In 1900, Oberhaensli said in an interview, the world withdrew 600 cubic kilometers of water annually – 6 x 1014 liters, for the non-Europeans in the house. About 70 percent of that withdrawal was for agriculture. By 1950, those numbers had grown, to 1,400 cubic kilometers. And by 2010, they had spiked: that year, the world used 4,500 cubic kilometers of water.

The worrying news, says Oberhaensli, whose company has direct contact with 650,000 farmers worldwide, is that only 4,200 cubic kilometers of water is sustainably available per year.

And unless something changes, the world is predicted to draw 6,900 cubic kilometers of water by 2030 – 60 percent more than is sustainable. 

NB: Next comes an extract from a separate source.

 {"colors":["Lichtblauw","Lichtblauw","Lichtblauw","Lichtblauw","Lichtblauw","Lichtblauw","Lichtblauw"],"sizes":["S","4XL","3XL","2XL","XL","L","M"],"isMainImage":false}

“That would lead to a 30 percent shortfall in cereal production due to a water shortage by 2025 or 2030,” Oberhaensli said during a panel discussion on water at the Chicago Council’s Global Food Security Symposium, held last week in Washington, D.C. “Action should be very urgent and hopefully after this session the understanding that action is necessary will increase.”

Former California Secretary of Agriculture A.G. Kawamura, who also participated in the Chicago Council event, recalled what water shortages have done to Australia. By year eight of that country’s extensive drought – around 2012 – the country had experienced a 50 percent drop in farm-gate production. Australian agriculture has yet to recover, he said.

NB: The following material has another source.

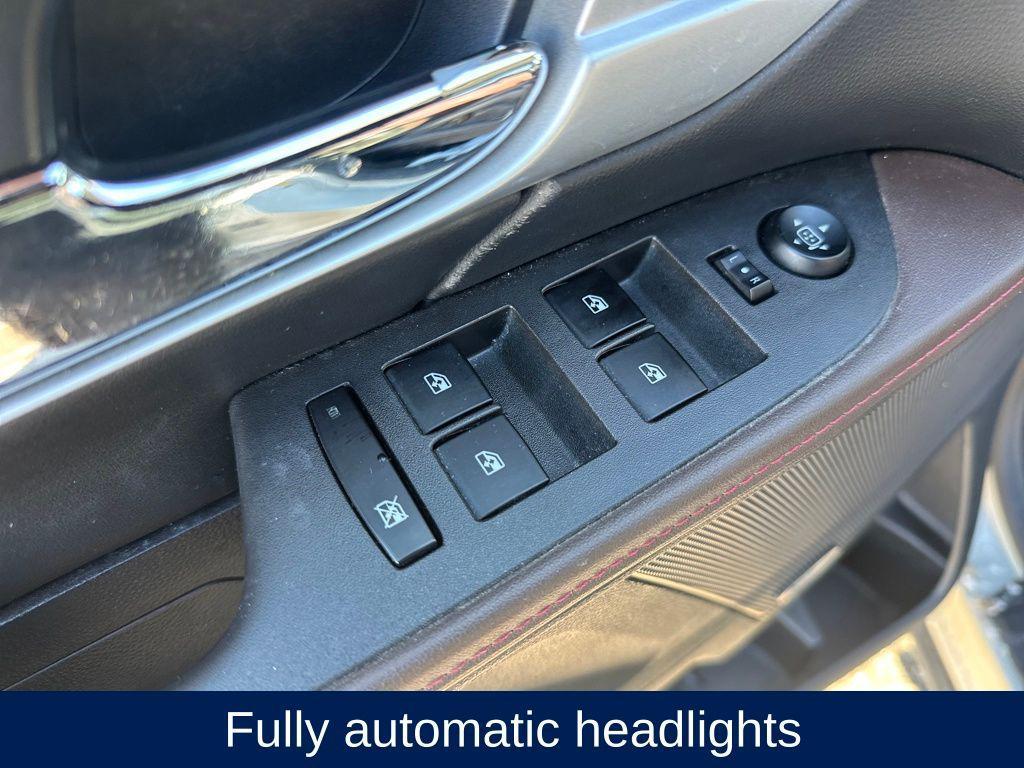 used 2013 GMC Terrain car, priced at $9,955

“It’s amazing how quickly we can get in trouble as an agricultural state,” Kawamura said, referring both to Australia’s drought and the ongoing water shortage in California, which is responsible for nearly half the fruits and vegetables grown in the U.S.

California’s situation has made the country more aware of what a future with diminishing water supplies could mean for the food supply. But according to Oberhaensli and Kawamura, government-directed policy changes are needed to preserve agricultural production, both in the U.S. and abroad.

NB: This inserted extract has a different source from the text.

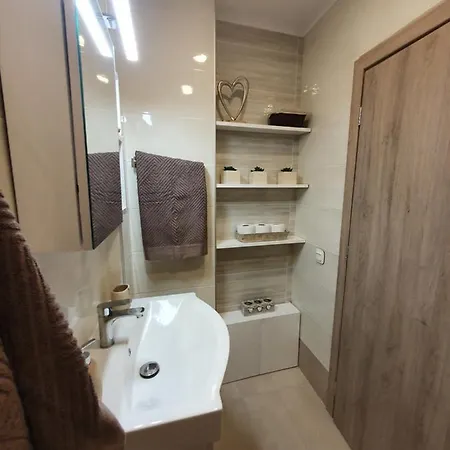 Sheila With Private Pool Βίλα Ρούμελη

“Creating shared value is understanding where we should be active ourselves and where we need to be a loyal partner,” Oberhaensli said of Nestlé’s role in water issues. Though the company often sends specialists into developing countries to help farmers use their resources in efficient ways, the economist said it’s difficult to orchestrate without the participation of local governments.

“Farmers in India have more urgent things to do than PR,” he said. “If you tell an Indian farmer that they have to be the most efficient farmer in India they say, ‘Go to hell.’” Instead, he advocates for public-private partnerships, between international groups like the United Nations Food and Agriculture Organization (FAO), governments and multinational corporations like Nestlé.

Oberhaensli also noted that governments need more efficient ways to price water resources. He points to Oman, on the Arabian Peninsula, as a model for those who are trying to set market prices for water. By tradition, Oman’s tapped water is channeled and maintained by joint owners, who apportion water entitlements by days, hours, half hours and minutes.

“Especially in the case of water, water is first essential for life,” he told Agri-Pulse. “It’s extremely politicized, a very emotional item – in some areas, a spiritual item…We need to fix it watershed by watershed.”